The June 2025 Threat Trend Report on Ransomware highlights a notable increase in new ransomware samples detected compared to the previous month, May 2025. This analysis is based on detection data from AhnLab and intelligence gathered from Dedicated Leak Sites (DLS) operated by ransomware groups. The report covers a six-month period, providing statistics on the total number of ransomware samples collected and a breakdown of companies affected by ransomware attacks as publicly disclosed on these leak sites. Although some data may be incomplete or delayed due to the nature of data collection from multiple ransomware groups, the report offers valuable insights into the evolving ransomware landscape. The report includes MD5 hashes of notable ransomware samples, which can be used for detection and blocking. The ransomware tactics, techniques, and procedures (TTPs) referenced include MITRE ATT&CK techniques such as T1489 (Service Stop), T1567 (Exfiltration Over Web Service), T1566 (Phishing), T1486 (Data Encrypted for Impact), and T1490 (Inhibit System Recovery), indicating that these ransomware campaigns employ a combination of initial access via phishing, data exfiltration, service disruption, encryption of data, and prevention of recovery mechanisms. The report does not specify particular ransomware families or threat actors but emphasizes the rise in ransomware-as-a-service (RaaS) operations and the use of Dedicated Leak Sites to pressure victims. No known exploits in the wild or CVEs are associated with this report, and no specific affected software versions are identified. The severity is assessed as medium, reflecting the ongoing threat posed by ransomware but without indication of novel or critical vulnerabilities exploited.

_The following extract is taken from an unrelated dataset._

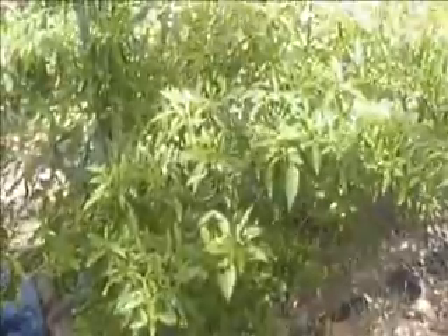Hi everyone, this is Oak Tree and welcome to my garden. I have a dilemma. My dilemma is that I am overrun with cayenne peppers. As you can see, it is October 6 and I am just loaded with cayenne peppers.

For European organizations, the increase in ransomware samples and attacks poses a significant risk to operational continuity, data confidentiality, and integrity. Ransomware attacks can lead to substantial financial losses due to ransom payments, downtime, regulatory fines (especially under GDPR for data breaches), and reputational damage. The use of Dedicated Leak Sites to publicly disclose victim companies increases pressure on organizations to pay ransoms, potentially exposing sensitive corporate and customer data. The referenced TTPs suggest attackers are not only encrypting data but also exfiltrating it, which raises the risk of data breaches and compliance violations. European entities in critical infrastructure sectors, healthcare, manufacturing, and finance are particularly vulnerable due to their strategic importance and potential impact on public safety and economic stability. The medium severity rating indicates that while the threat is serious, it does not currently involve zero-day exploits or widespread automated exploitation, allowing organizations some time to implement mitigations. However, the trend of increasing ransomware samples and leak site activity signals a persistent and evolving threat landscape that requires proactive defense measures.

European organizations should implement a multi-layered defense strategy tailored to the ransomware threat landscape described. Specific recommendations include: 1) Enhance email security to detect and block phishing attempts (T1566), including advanced sandboxing, URL rewriting, and user training focused on spear-phishing awareness. 2) Deploy endpoint detection and response (EDR) solutions capable of identifying ransomware behaviors such as service stoppage (T1489), encryption activities (T1486), and system recovery inhibition (T1490). 3) Implement robust data backup strategies with offline or immutable backups to ensure recovery without paying ransom. 4) Monitor network traffic for signs of data exfiltration over web services (T1567) using network detection tools and anomaly detection. 5) Restrict administrative privileges and segment networks to limit lateral movement and impact scope. 6) Regularly update and patch systems to reduce attack surface, even though no specific CVEs are noted, as ransomware often exploits known vulnerabilities. 7) Establish incident response plans that include ransomware-specific scenarios and coordinate with law enforcement and cybersecurity authorities. 8) Leverage threat intelligence feeds, including MD5 hashes from the report, to update detection signatures and block known ransomware samples. 9) Conduct regular tabletop exercises and penetration testing to assess readiness against ransomware campaigns. These measures, combined with continuous monitoring and user education, will help mitigate the medium-level ransomware threat effectively.